= Problem details =
Copy exactly the lines of the records below, starting at the line that contains "Strandshirt" and continuing through the last line, both included; omit any pictures.

Input Start Marker

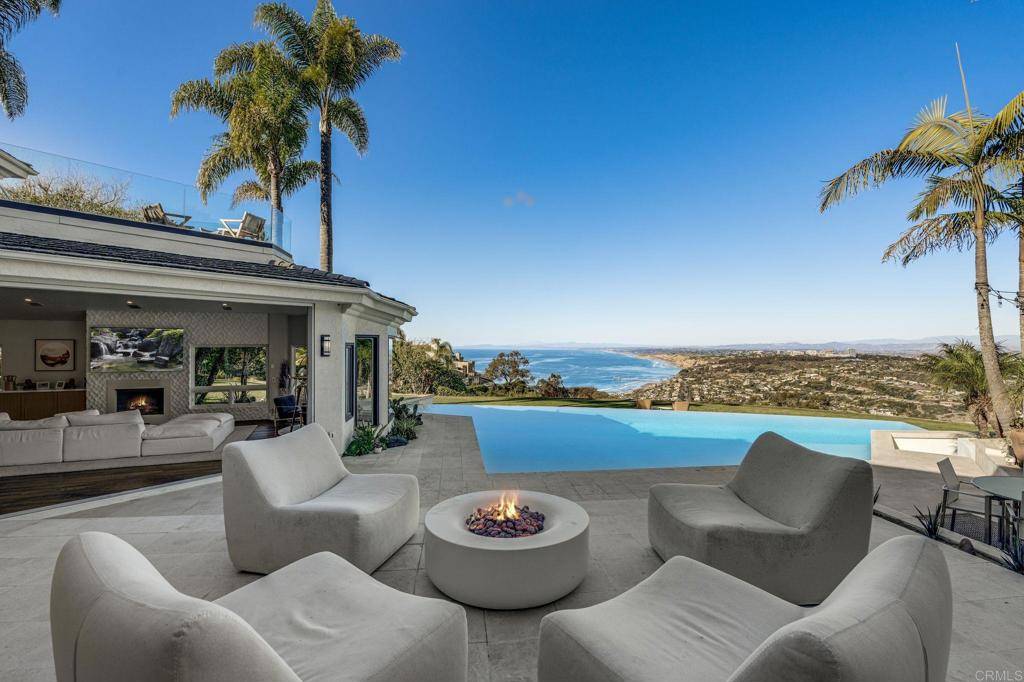 1904 Via Casa Alta, La Jolla, CA 92037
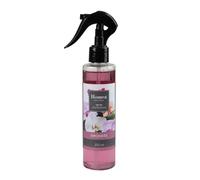Spray d'Ambiance Essentiel II 200ml Orchidée
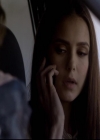 VampireDiariesWorld-dot-org_2x19Klaus0407.jpg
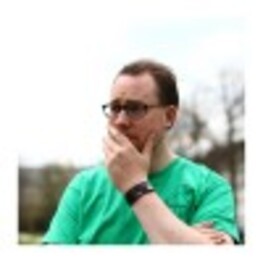 Thorsten (Maßschneiderei)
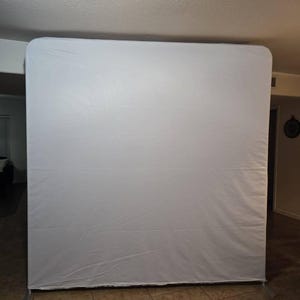 Collette a ajouté une photo de son achat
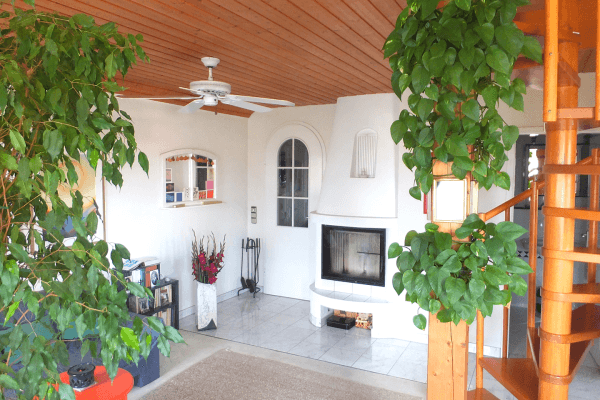 Prodej bytu 2+kk 64 m², Freiberg am Neckar Prodej bytu 2+kk 64 m², Freiberg am Neckar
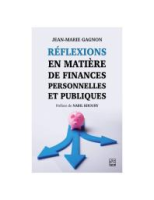 Reflexions_en_matiere_de_finances_personnelles_et_publiques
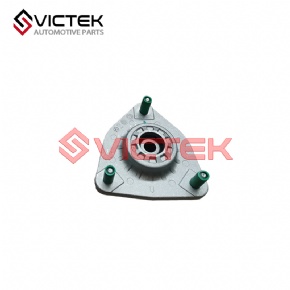 Front Shock Cushion 202000637AA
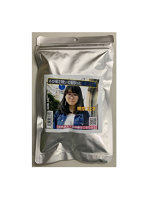 【癒しフル】 【使用済み風加工品】その場で脱いでもらった着用下着 明奈 22才（AZJD-131）｜li9597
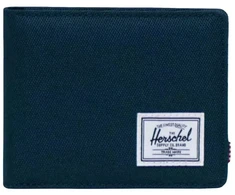 Herschel Roy piniginė 30072-05920 Mėlyna Vienas dydis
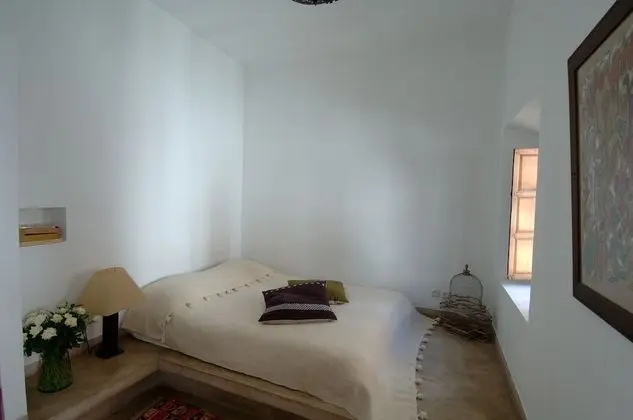 Classic Tek Büyük Yataklı Oda, Özel Banyo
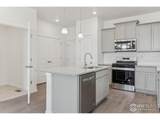 18708 99th Ave - Photo 11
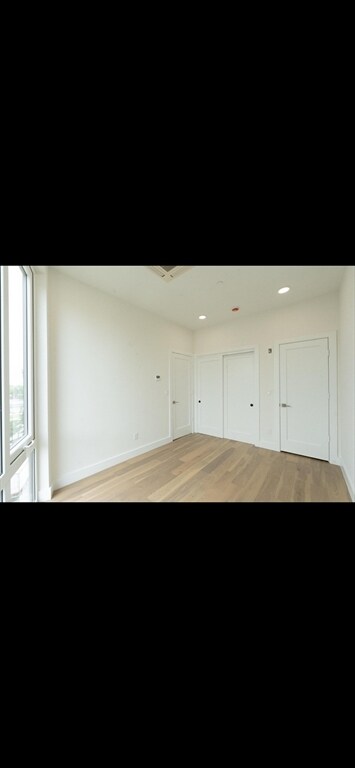 Building Photo - 38 Hichborn St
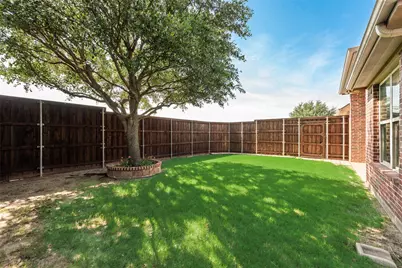 12376 Jules Drive, Frisco, TX 75033 - Photo 29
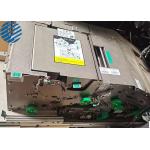 CRM9250 ATM Machine Parts Note Feeder Second Version For GRG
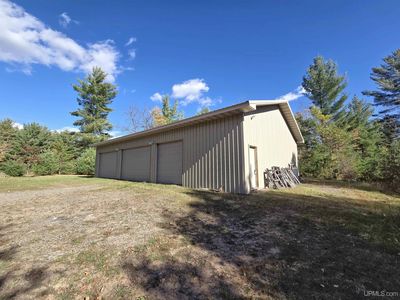 4956 Helena Ln, Florence, WI, 54121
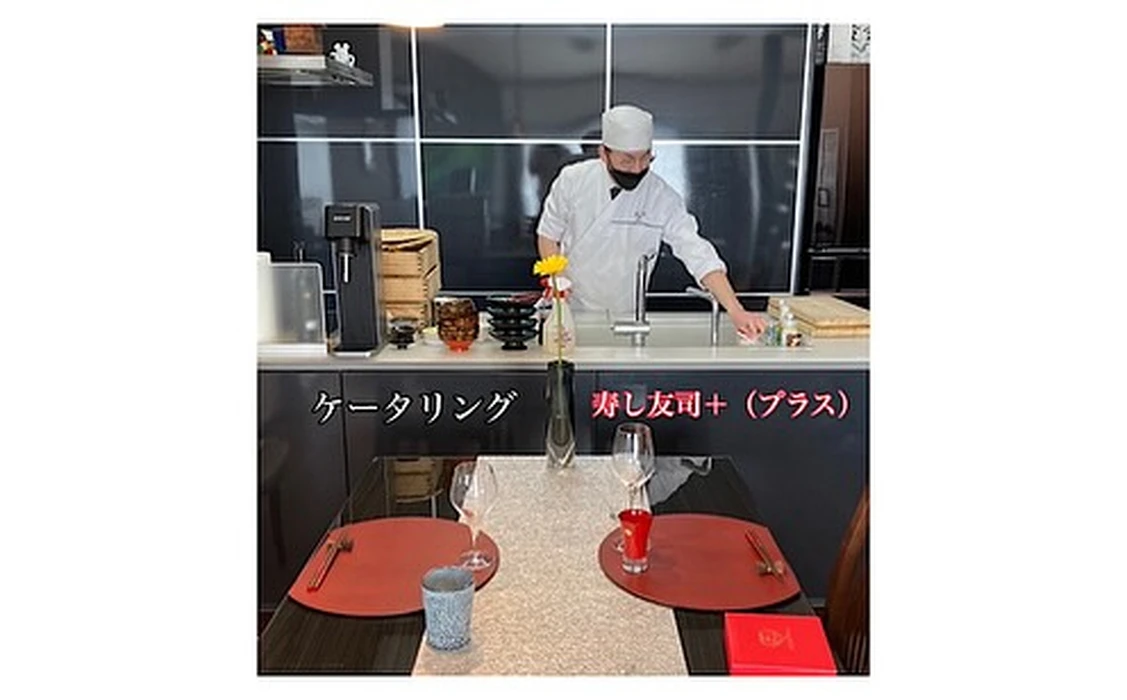 画像1069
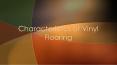 Characteristics of vinyl flooring PowerPoint PPT Presentation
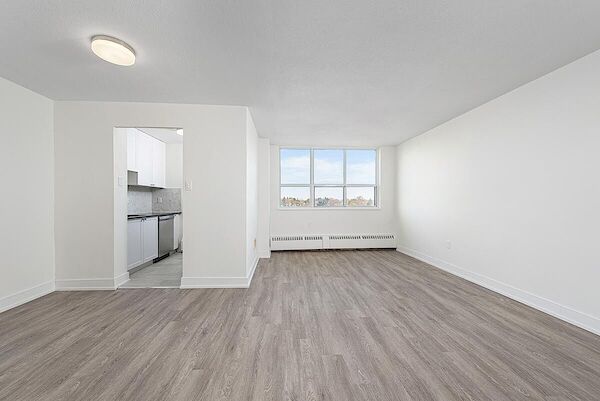 Mississauga 3 bedrooms Apartment for rent. Property photo: 430712-3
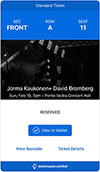 2023-02-19 ticket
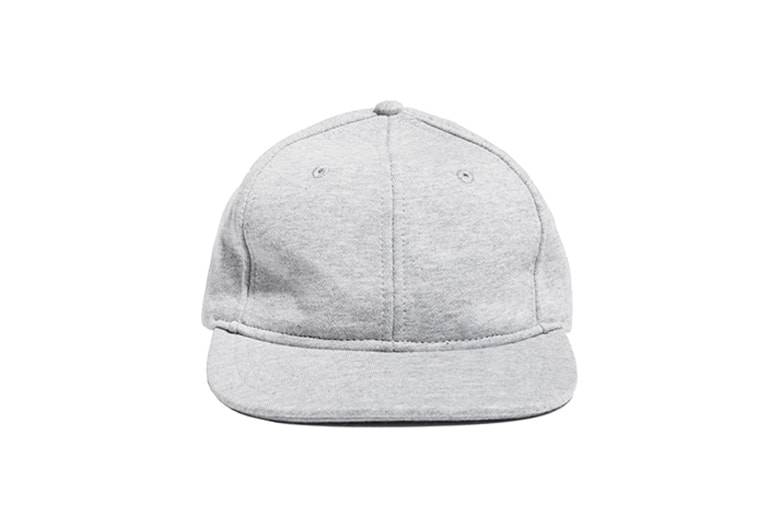 Reigning Champ 2015 秋冬帽款系列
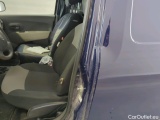  Dacia  Dokker Dacia  Van dCi 90 Stop&Start Ambiance 4d #49
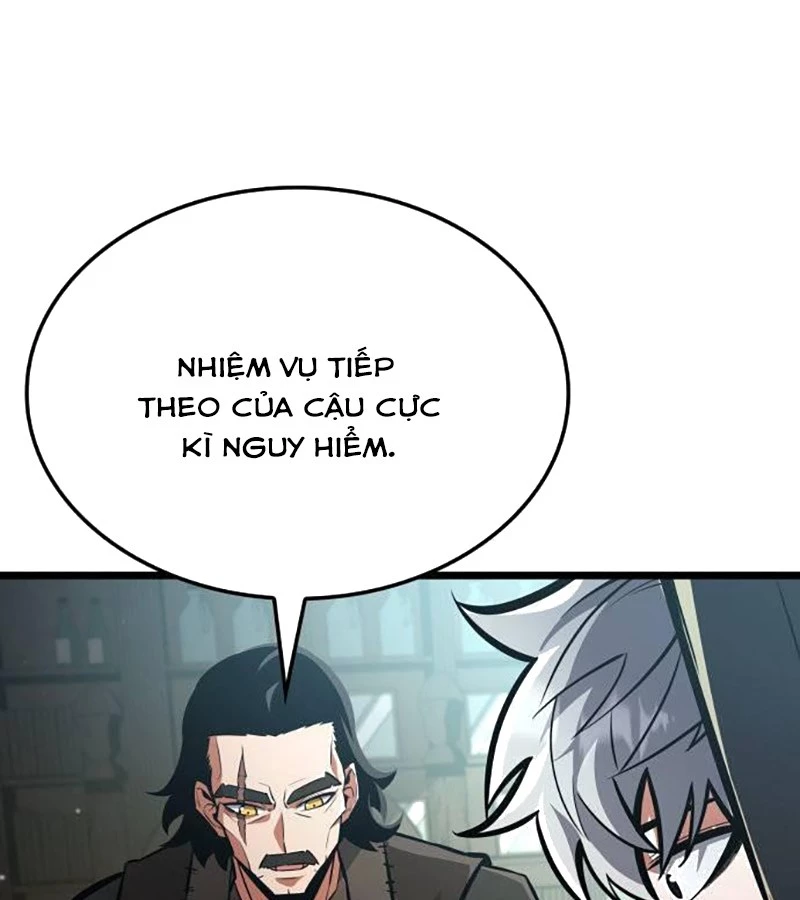 Độc Chiến Đế Vương Chapter 23 - 17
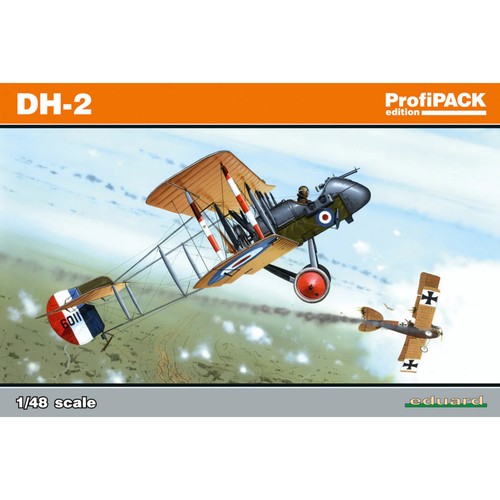 Eduard 8094 airco - 8094,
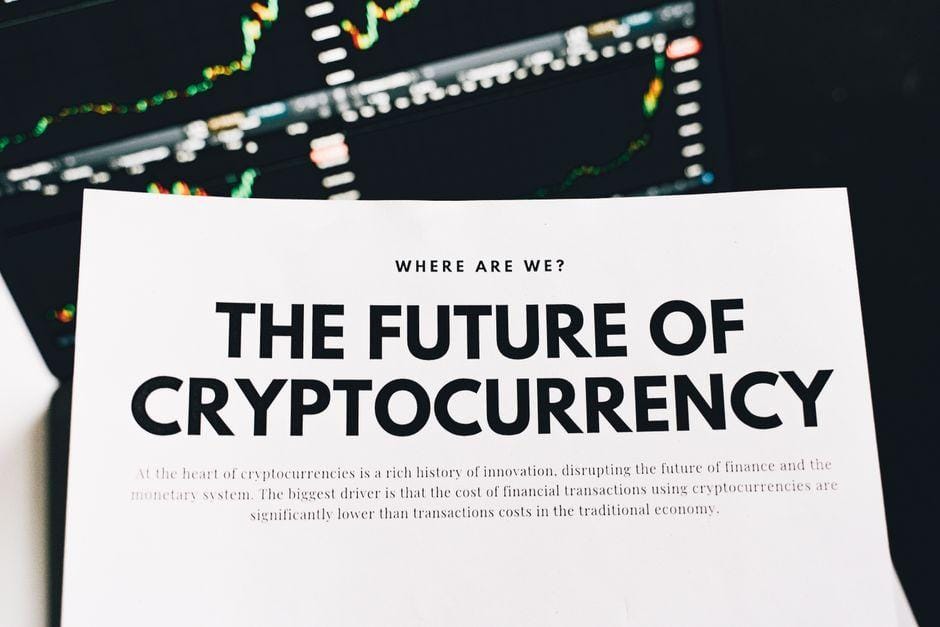 the future market analysis trends and — financial market analysis and trading insights for investors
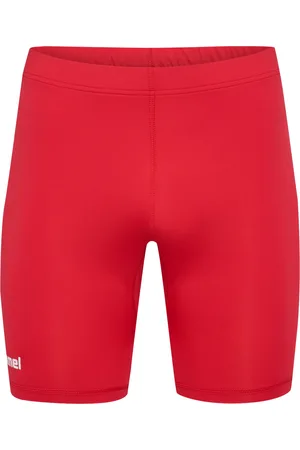 Hummel Sportshorts 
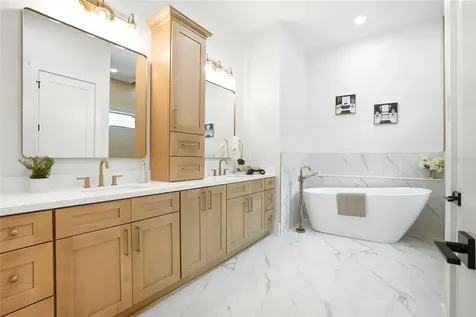 2376 Rajel Avenue Safety Harbor FL 34695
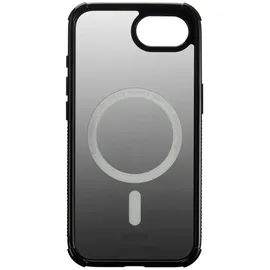 Hama iPhone 16e Extreme Protect Bumper schwarz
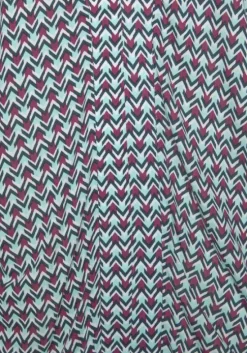 Strandshirt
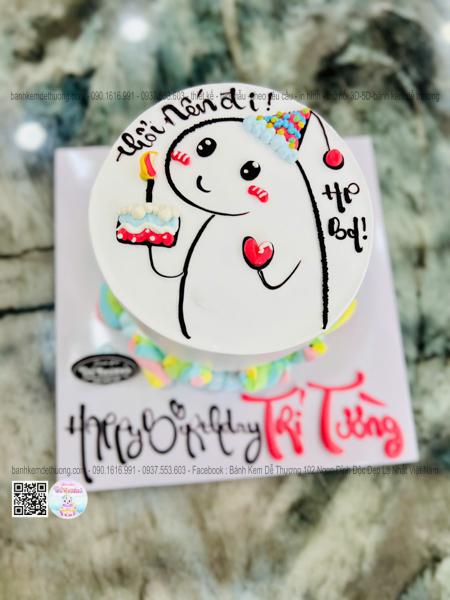 banh-ve-hinh-tri-tuong-1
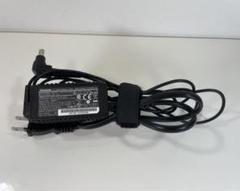 Cf Aaa001の中古 未使用品 メルカリ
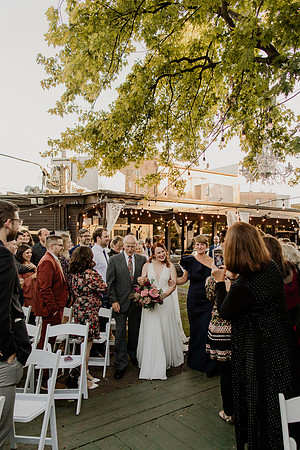 LauraH-TimB-Wedding-1637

Input End Marker

= Solution to this task =
 Strandshirt
 banh-ve-hinh-tri-tuong-1
 Cf Aaa001の中古 未使用品 メルカリ
 LauraH-TimB-Wedding-1637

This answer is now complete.